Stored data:
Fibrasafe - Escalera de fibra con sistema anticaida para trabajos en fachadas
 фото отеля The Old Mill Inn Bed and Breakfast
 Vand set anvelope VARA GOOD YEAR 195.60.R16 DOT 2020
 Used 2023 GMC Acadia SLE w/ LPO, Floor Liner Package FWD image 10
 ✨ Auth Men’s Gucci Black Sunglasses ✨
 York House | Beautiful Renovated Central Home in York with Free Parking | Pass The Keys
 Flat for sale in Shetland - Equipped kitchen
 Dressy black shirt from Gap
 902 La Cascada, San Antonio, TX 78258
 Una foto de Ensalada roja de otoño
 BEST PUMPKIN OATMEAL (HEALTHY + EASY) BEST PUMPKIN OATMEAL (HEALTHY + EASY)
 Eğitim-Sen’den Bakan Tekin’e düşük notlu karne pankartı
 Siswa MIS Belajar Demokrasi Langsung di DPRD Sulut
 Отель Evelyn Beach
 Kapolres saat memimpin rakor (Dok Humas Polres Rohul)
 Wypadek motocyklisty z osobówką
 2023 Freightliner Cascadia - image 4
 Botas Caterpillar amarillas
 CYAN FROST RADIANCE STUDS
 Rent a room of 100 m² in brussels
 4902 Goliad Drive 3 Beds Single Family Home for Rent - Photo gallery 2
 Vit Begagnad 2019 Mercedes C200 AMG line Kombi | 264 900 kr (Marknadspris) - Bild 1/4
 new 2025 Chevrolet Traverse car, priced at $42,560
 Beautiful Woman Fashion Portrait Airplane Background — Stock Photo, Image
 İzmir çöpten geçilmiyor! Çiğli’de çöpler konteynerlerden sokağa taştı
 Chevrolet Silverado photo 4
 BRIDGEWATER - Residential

Brief:
How many of the lines above contain the string "Rent"? Give the count alone.

Task solution:
2